Wednesday, September 14, 2011

Braces, First Kisses, Pretty Daughters...and why it is God loves us so much

This morning I took Morgan to get her braces checked. She had hoped she was getting them off today, but that was not to be. About 3 more months and then she'll be finished. She was really sad that they weren't coming off today...until they showed her the pictures from when we first began this whole process 4 years ago. Dr. Joel Cooper is a genius!
It seems like with my life the way it has been, the only real time I get with her anymore is when I take her to the orthodontist or to school. I have missed some time with her over these past 3 years living from place to place, but I've always been here for her.  Now that I am settling in again here in Nashville, things will be normal soon, but three years is a lot of time lost.

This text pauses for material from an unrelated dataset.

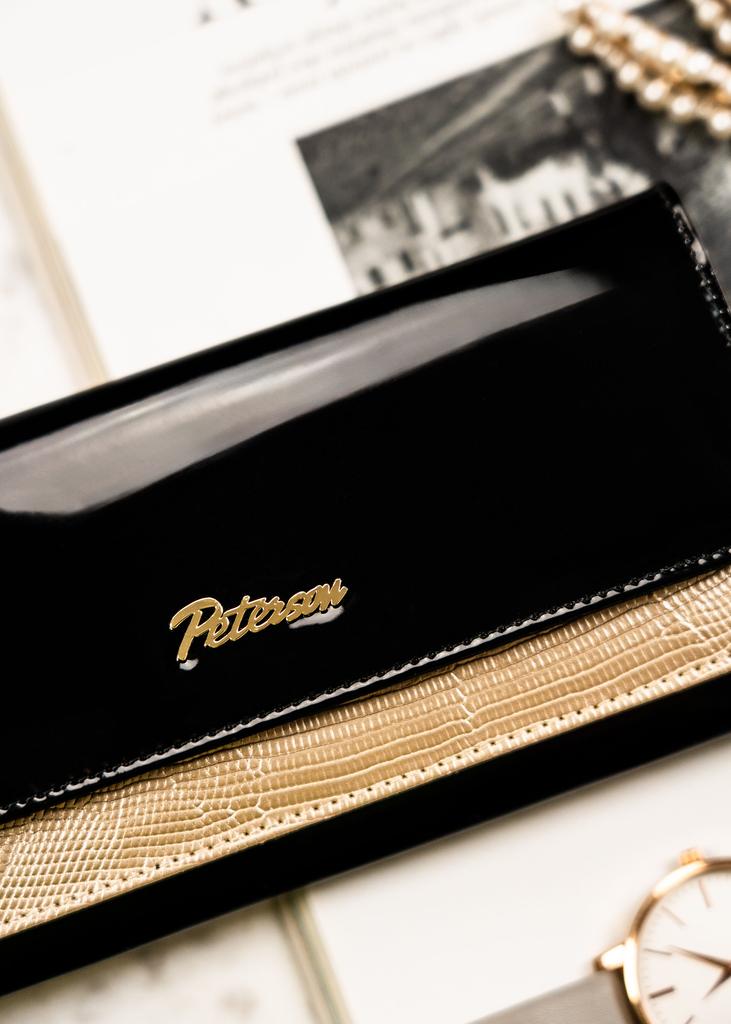 PTN LJ-421028-0643 Black-Gold women's wallet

Last week, taking her to school, we talked about how she is doing right now. I asked her about school and her friends and her little brother, you know, small talk. Then I asked her about boys in her class. Was she interested in any of them, did she have a boyfriend? She let out a resigned "No" and then she said "The boys my age are stupid anyway". "Good" I thought..."That will change soon enough but one less day of boy-craziness is fine with me. " I said "Honey don't worry about it...you are so much more mature than them right now, you're 13, there's plenty of time for that stuff" Then she looked at me and said just a little plaintively "But I haven't even had my first kiss yet." I was ready to alternately shout for joy and break down in tears. I was happy to hear that, but sad because of the pressure she must be under and the importance in this culture of the first kiss. I instantly realized this was a critical daddy-moment and I uttered a silent prayer for a wise response. "It will come in time Honey...you don't kiss someone just to kiss them" was my attempt at wisdom. She said "But all my friends have already had their first kiss" I wanted to cry. Not because the thoughts of my little girl kissing a boy was sad -even though, for me, it is-- but because my daughter is living the very struggles I read about each day on the Internet or in the newspaper. How this world pressures kids into becoming adults way too soon.
Something in the way she said "But I haven't even had my first kiss..." just broke my heart. My little girl is at that stage where a lot of things are painful and awkward. She is a beautiful girl who doesn't see herself that way. She doesn't see herself as ugly -her daddy has made that impossible-- but she wrestles with the doubts that young women this age do. She often tends to be so determined not to go along with the norms for beauty and femininity that she goes 180 degrees the other way. She dresses very different from the "girly girls" in her school. She is artsy and a tremendous singer and artist. She is beautiful but she is afraid to accept it in case she is wrong about her beauty. It's a hard time for her and a hard time for a kid to be coming of age. I hate the messages this world sends. Messages from vapid synthetic stars like Miley Cyrus or pick-a-Kardashian. I wish there were some approachable, visible, young women who truly lived from a biblical world-view but were still "cool". Mostly I wish my daughter wasn't caught in this teenage time period when she is so unsure of herself. I wish I could just sweep her up into my arms and hug her tightly until she was about 20, and ready to face this nonsensical world. I wish I could absorb the blows this world hands out to 13 year old young women. I wish I could make her be 4 years old again.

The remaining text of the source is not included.